I had no idea the law was so heavily invested in my gender identity!

Naturally, the local media also had to seek out opposing views, including the obligatory comment from a parent threatening to withdraw her kids and send them to private school if Caron's “lifestyle choice” was affirmed by the school. The fact that one of the comments below the article notes that “As far as this being a life style CHOICE that is BULL. WE are who we are we Didn't ask GOD to be this way this is who he chose us to be” presents a delicious juxtaposition and a challenge to the idea that Christian values are incompatible with being trans.

The school board has promised to resolve the issue in time for the homecoming dance. Meanwhile, Caron is surrounded by growing numbers of supporters fighting along with him, because this isn't just about a high school dance, it's about a larger political and cultural symbol. It's about Caron's right to be recognized as who he is, and about the urgent need for better policies to protect trans teens in school environments.

Coming out as trans in school is stressful enough.
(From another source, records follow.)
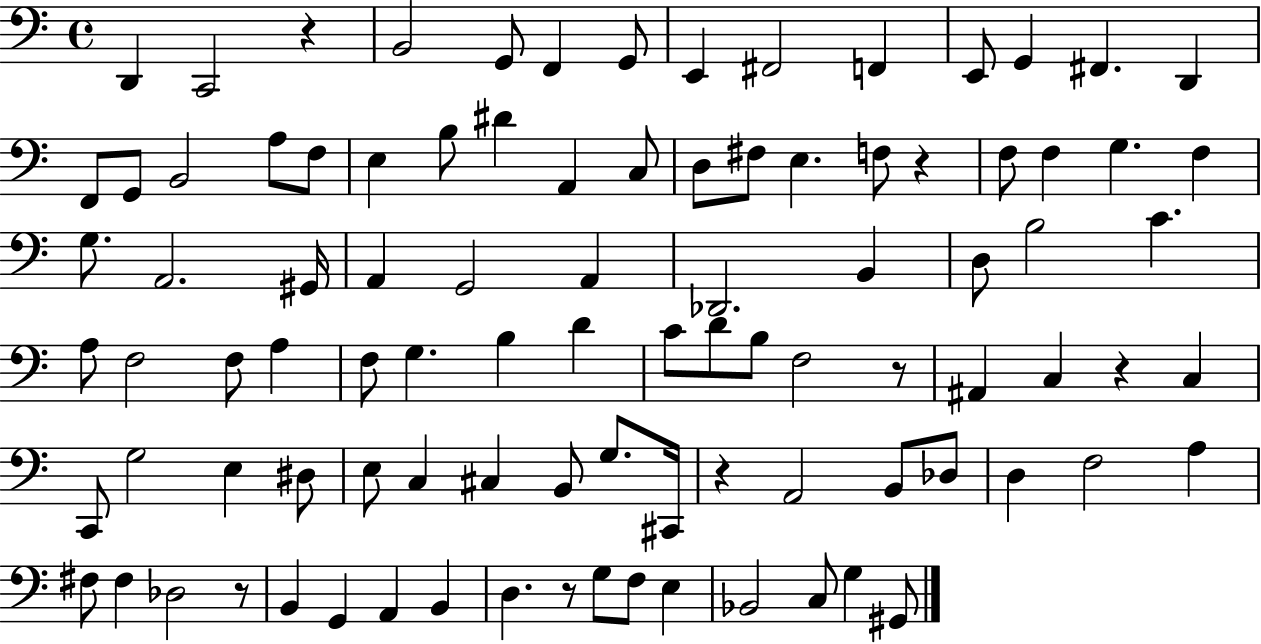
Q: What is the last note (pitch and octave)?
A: G#2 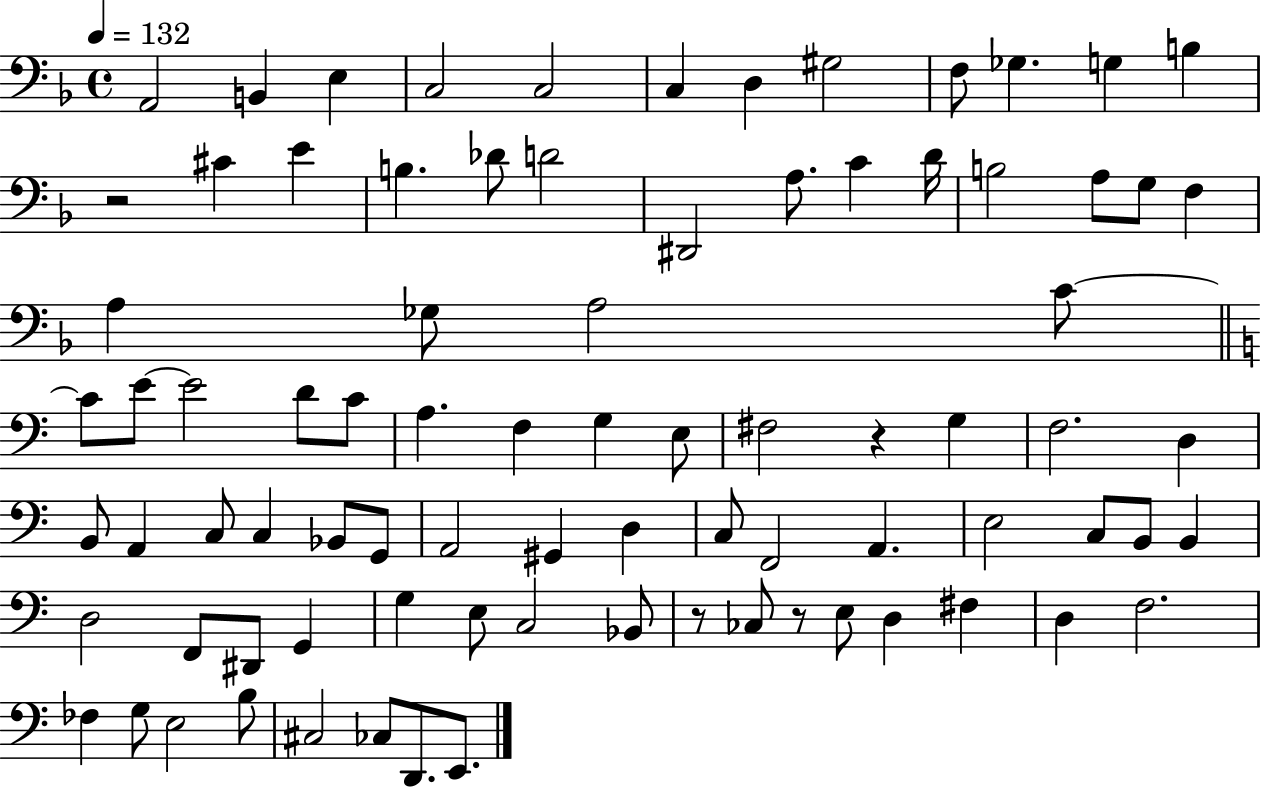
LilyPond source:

{
  \clef bass
  \time 4/4
  \defaultTimeSignature
  \key f \major
  \tempo 4 = 132
  a,2 b,4 e4 | c2 c2 | c4 d4 gis2 | f8 ges4. g4 b4 | \break r2 cis'4 e'4 | b4. des'8 d'2 | dis,2 a8. c'4 d'16 | b2 a8 g8 f4 | \break a4 ges8 a2 c'8~~ | \bar "||" \break \key c \major c'8 e'8~~ e'2 d'8 c'8 | a4. f4 g4 e8 | fis2 r4 g4 | f2. d4 | \break b,8 a,4 c8 c4 bes,8 g,8 | a,2 gis,4 d4 | c8 f,2 a,4. | e2 c8 b,8 b,4 | \break d2 f,8 dis,8 g,4 | g4 e8 c2 bes,8 | r8 ces8 r8 e8 d4 fis4 | d4 f2. | \break fes4 g8 e2 b8 | cis2 ces8 d,8. e,8. | \bar "|."
} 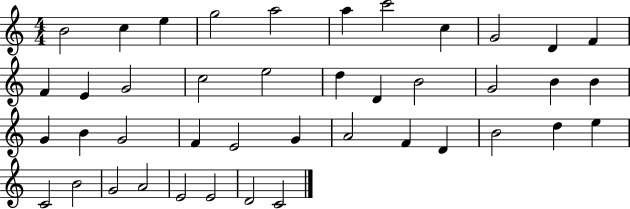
{
  \clef treble
  \numericTimeSignature
  \time 4/4
  \key c \major
  b'2 c''4 e''4 | g''2 a''2 | a''4 c'''2 c''4 | g'2 d'4 f'4 | \break f'4 e'4 g'2 | c''2 e''2 | d''4 d'4 b'2 | g'2 b'4 b'4 | \break g'4 b'4 g'2 | f'4 e'2 g'4 | a'2 f'4 d'4 | b'2 d''4 e''4 | \break c'2 b'2 | g'2 a'2 | e'2 e'2 | d'2 c'2 | \break \bar "|."
}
Caron was fortunate to have the support of many classmates and teachers, when other trans students often struggle with bullying and abuse from other students as well as teachers and administrators. But this shouldn't have to be a matter of luck: trans students should be protected, and should find the school environment safe and comfortable, because school is a place for learning. Learning includes respect for all people, something that the administrators at Richland apparently missed.